I have tried converting both to string, as well as both to int. I also tried using pd.join and pd.concat but neither work as expected.
import pandas as pd
#Read in CSV with updates (would already be df from Socrata pull in real version)
updated_csv= r"C:\Users\mad10412\Desktop\Active_Business_Data_Edited.csv"
updated_csv_df = pd.read_csv(updated_csv)
updated_csv_df.head(5)
updated_csv_df['GEOID10']=updated_csv_df['GEOID10'].astype(str)
updated_csv_df.dtypes
output_layer_name = 'Join_Features_Test5'
actbus=gis.content.search(output_layer_name)
ActiveBusinesses_item = actbus[0]
ActiveBusinesses_item
ActiveBusinesses_flayer = ActiveBusinesses_item.layers[0]
ActiveBusinesses_flayer
ActiveBusinesses_fset = ActiveBusinesses_flayer.query() #querying without any conditions returns all the features
ActiveBusinesses_fset.sdf.head()
ActiveBusinesses_fset.sdf.shape
ActiveBusinesses_fset.sdf.dtypes
##Attempt 1: Includes original data and Adds Column names but no data
overlap_rows = ActiveBusinesses_fset.sdf.join(updated_csv_df.set_index('GEOID10'),on='GEOID10', lsuffix='_left', rsuffix='_right')
overlap_rows.head(10)
overlap_rows.to_csv("C:\\Users\\mad10412\\Desktop\\ConcatDF.csv")
##Attempt 2: Only includes column name. no data at all
overlap_rows = pd.merge(left = ActiveBusinesses_fset.sdf,
right = updated_csv_df,
how='inner',
on = 'GEOID10')
overlap_rows.head(5)
overlap_rows.to_csv("C:\\Users\\mad10412\\Desktop\\ConcatDF2.csv")
##Attempt 3: Includes all columns and all data, but GEOIDs don't match
result = pd.concat([ActiveBusinesses_fset.sdf, updated_csv_df], axis=1, join='inner')
result.head(5)
result.to_csv("C:\\Users\\mad10412\\Desktop\\ConcatDF3.csv")
##Attempt 4: Only includes column name. no data at all
left=ActiveBusinesses_fset.sdf
right=updated_csv_df
result = pd.merge(left, right, how='inner',on=['GEOID10', 'GEOID10'])
result.head(5)
result.to_csv("C:\\Users\\mad10412\\Desktop\\ConcatDF4.csv")
The data for both dataframes looks like this:
df=pd.DataFrame({'GEOID': ['060372932023', '060372941201', '060372932022'],
'Mining': [6, 4,2 ],
'Agriculture': [10, 12, 4]})
df
The only difference between the data frames is one has a shape column containing the geometry.
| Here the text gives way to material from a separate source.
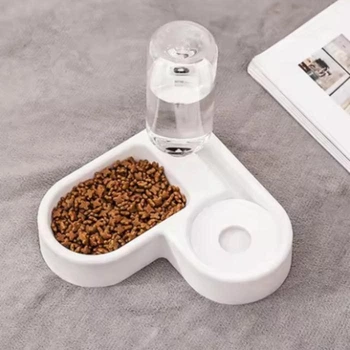 Миска для кошек и собак двойная Pet Love Bowl автопоилка на подставке с отделом для корма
Essentially, I am trying to merge these data frames together to find instances where the values for the fields such as Agriculture and Mining are different.
df=pd.DataFrame({'GEOID': ['060372932023', '060372941201', '060372932022'],
'Mining': [6, 4,2 ],
'Agriculture': [10, 12, 4],
'Mining2': [8, 3 , 1],
'Agriculture2': [14, 0, 6]})
df
This should yield in one row for each GEOID, with data from both dataframes. See the last code snippet comments for what the outputs actually look like.